Neither Morgan Stanley, its affiliates, their respective directors, officers, employees or agents (the “Morgan Stanley Group”) nor the Shareholders, their affiliates nor their respective directors, officers, employees or agents (the “Shareholders Group”) give any representation or warranty, express or implied, as to: (i) the achievement or reasonableness of future projections, management targets, estimates, prospects or returns contained in this Opportunity Overview, if any; or (ii) the accuracy or completeness of any information contained in this Opportunity Overview or oral information provided in connection therewith. Furthermore, and without prejudice to liability for fraud, no member of the Morgan Stanley Group or the Shareholders Group accept or will accept any liability in relation to these matters or any liability which is based on the Opportunity Overview or information contained therein. The recipient should make its own investigation of OW Bunker Group and all information provided, take independent advice where appropriate, and not base any course of action on this Opportunity Overview.
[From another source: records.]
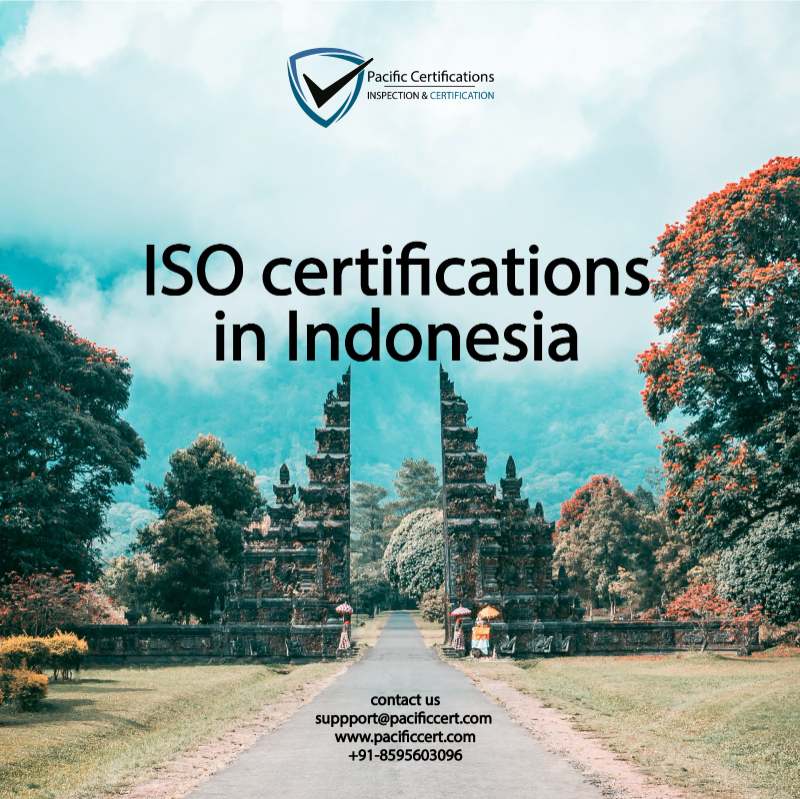 ISO Certifications in Indonesia, Popular Standards, Requirements and Benefits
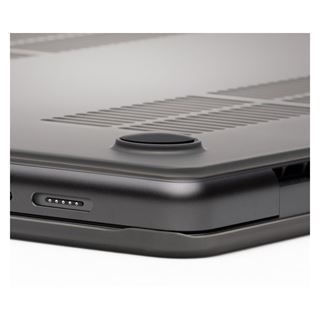 ZAGG Hardcase für Apple Macbook Pro 14" (M3, M2, M1) smoke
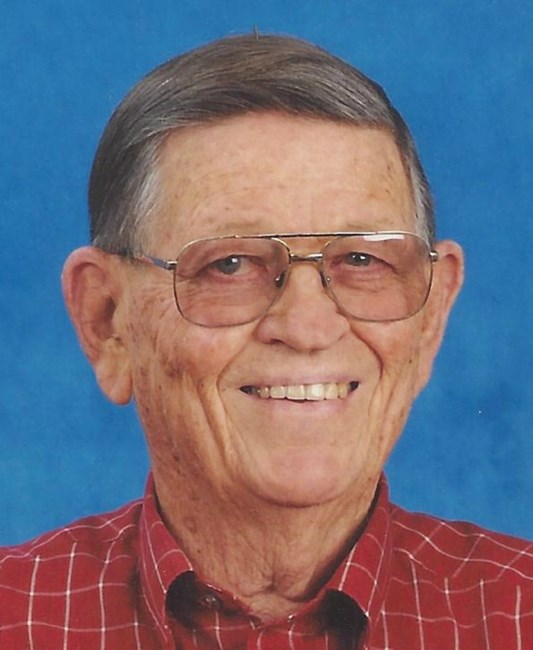 Obituary of William Thomas Tanner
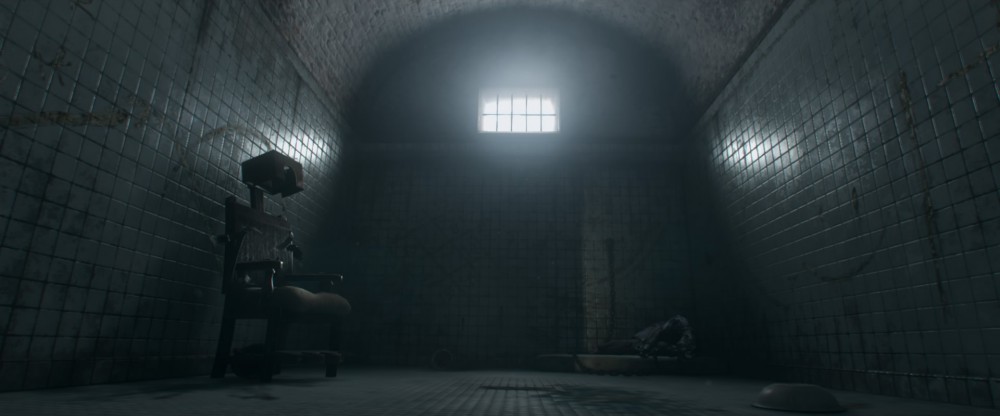 The Order: 1886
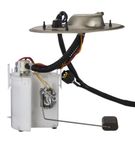 Spectra SP2244M Fuel Pump Module Assembly - view 1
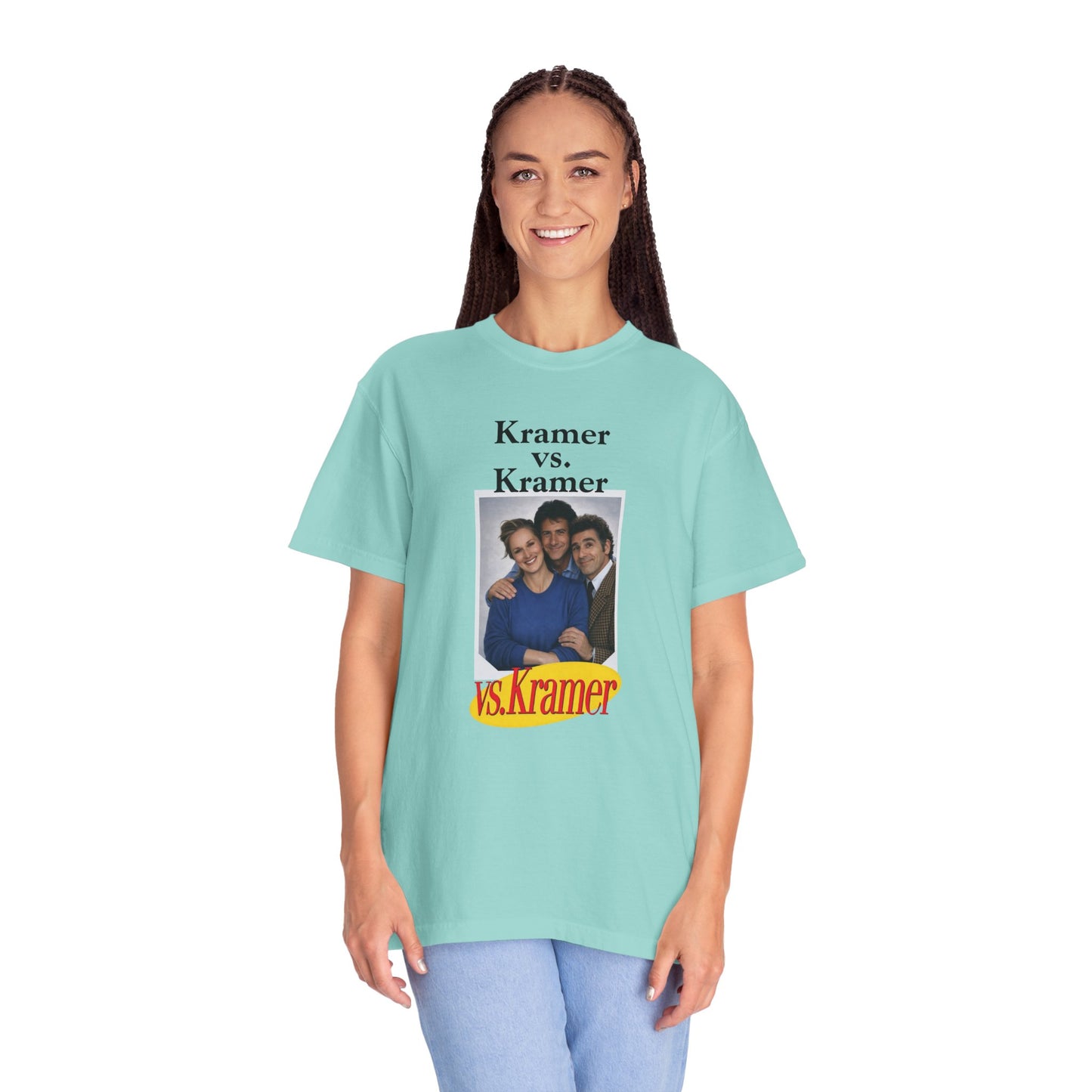 Kramer vs. Kramer vs. Kramer T-Shirt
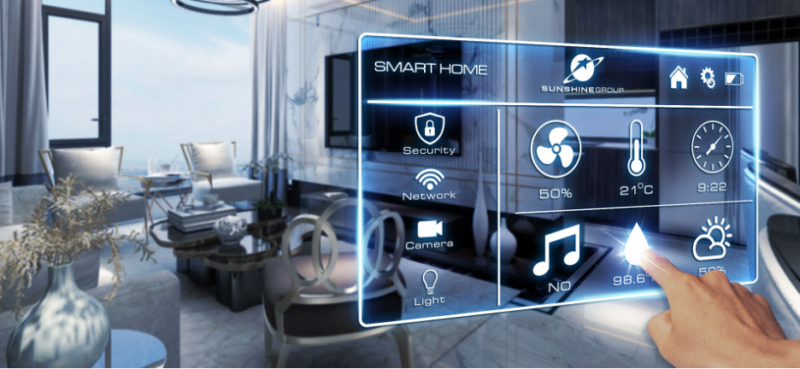 Smart Lighting for Work Productivity: Boost Your Efficiency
This Opportunity Overview: (i) is not an offer by the Morgan Stanley Group or the Shareholders Group to enter into a transaction and (ii) does not contain all information needed to determine a course of action concerning OW Bunker Group. The Shareholders will only accept obligations that arise out of a definitive and binding agreement.
Morgan Stanley will not regard any recipient of this Opportunity Overview as a client and will not provide such recipient with financial advice or afford them the protections afforded to its clients.
The distribution of this Opportunity Overview in certain jurisdictions may be restricted by law and, accordingly, the recipient represents that it is able to receive this Opportunity Overview without contravention of any unfulfilled registration requirements or other legal restrictions in the jurisdiction in which it resides or conducts business. This Opportunity Overview is governed by and shall be construed in accordance with Danish law. Any proceedings arising out of or in connection with this Opportunity Overview shall exclusively be instituted in a Danish court.